At New York fashion week, the rise of boudoir chic – the art of dressing in luxe sleepwear in the daytime – showed no sign of abating. Gucci’s slipper shoe (the furry Princetown “sliced loaf”) was seen on the frow on the feet of Zoë Kravitz and Man Repeller’s Leandra Medine. Meanwhile, the silk pyjama top from spring/summer 2016 (seen in collections from Givenchy and Alexander Wang) was recently modelled by Margot Robbie on Jimmy Kimmel Live!, and has made its way on to the high street.
The continued relevance of this trend has highlighted a bigger truth: that our rules about the clothes we wear has changed. Earlier this month, when the unwritten dress codes of the City of London were revealed (no brown shoes or ill-fitting suits and ties), they felt as if they existed in a different era. Indeed, the concept of the dress code has never felt more archaic and strange.
Partly, this is because both athleisure and, to a lesser extent, the utilitarian trend have absolutely altered the way we look at clothes. The idea of what is considered high fashion or “appropriate dressing” has been collapsed by the incorporation of elements such as the hoodie, the slider, the work shirt and the tracksuit jogger into catwalk collections. This intermingling of different looks and seasons (see the trans-seasonal jacket) has created an “anything is possible” attitude, while the rise of the merchandise pop-up shop has further muddied the waters. Is a price tag the only thing that separates a piece of everyday wear from a piece of haute couture? Kanye West attempted to articulate this change before his ill-fated Yeezy Season 4 collection: he stated that he would rather call his collection “apparel”, not fashion, as if the latter was an old-fashioned term for this current movement away from clothes that were more one-offs, made for the catwalk.

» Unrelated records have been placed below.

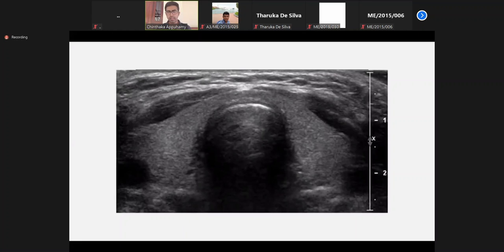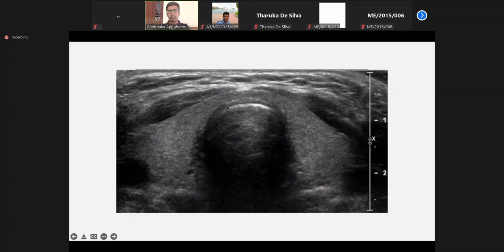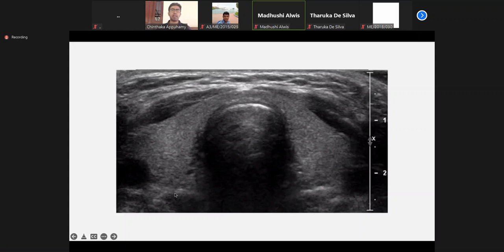This is how you see a thyroid gland when we do an ultrasound scan. This is the normal contour. Can you see my cursor? The thyroid gland is homogenous.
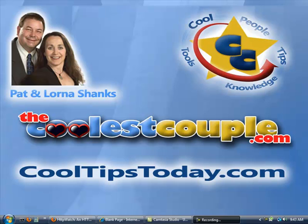Hi, it's Pat and Lorna Shanks, and you can find more about us at TheCoolestCouple.com.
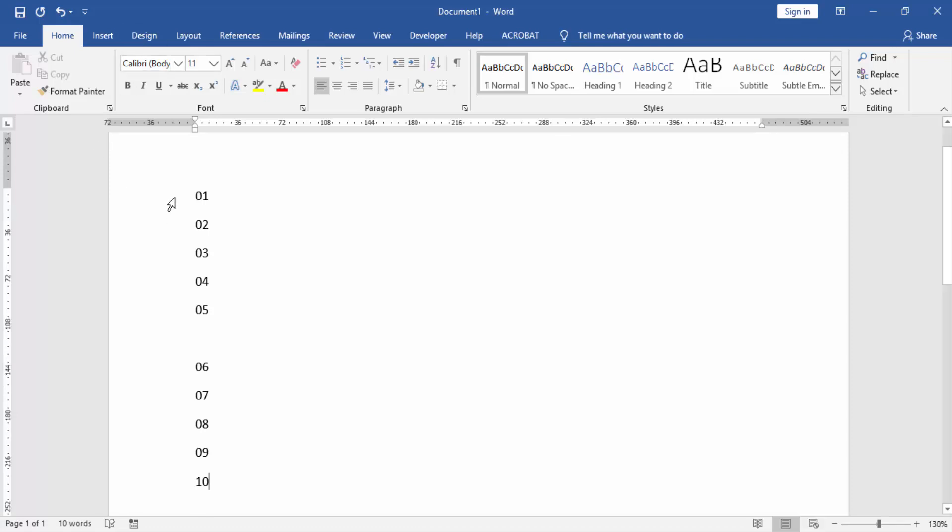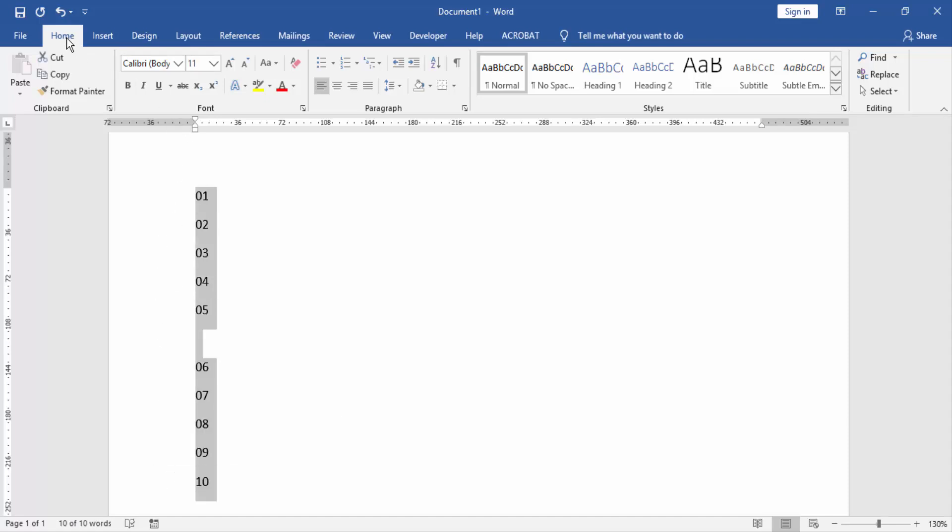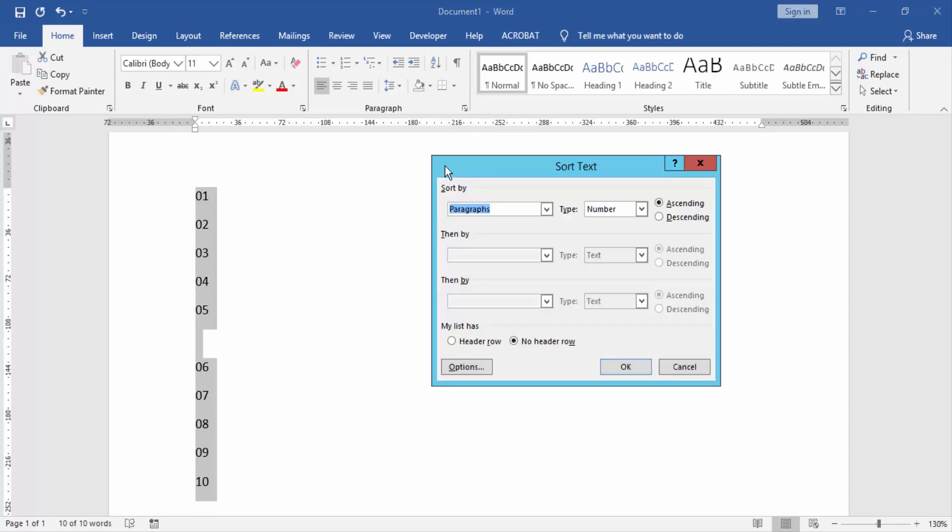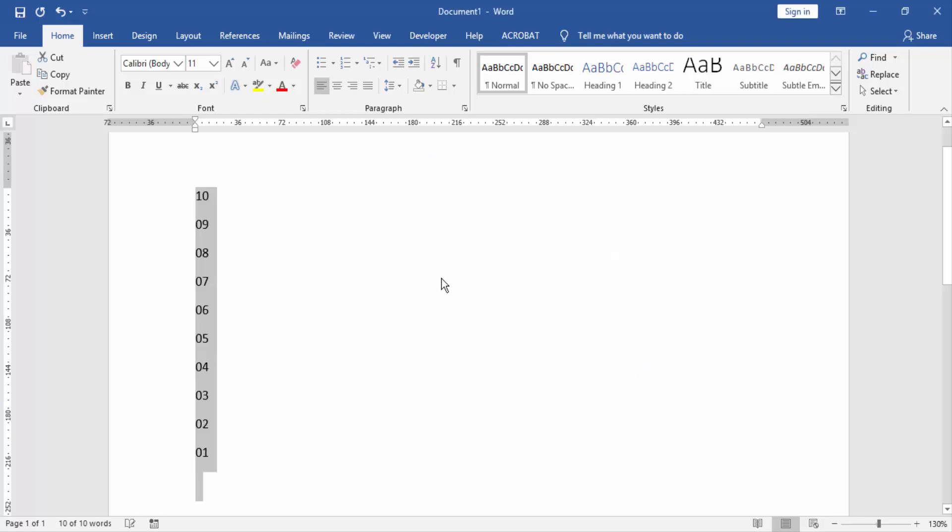Now we select all the numbers by clicking and dragging our mouse. Then go to the Home menu and click the sort option. Then sort by paragraph, then type number and click descending, then click OK. Now we see our number list reversed very easily.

At New York fashion week, the retail-to-runway reality has begun (where you can go online and buy the items straight from the catwalk without seasonal delay), and shaken up the traditional fashion calendar. In wardrobe terms, this has opened up a new reality, a democratisation of looks and styles, where dressing as if you’ve just rolled out from under your duvet is the new normal.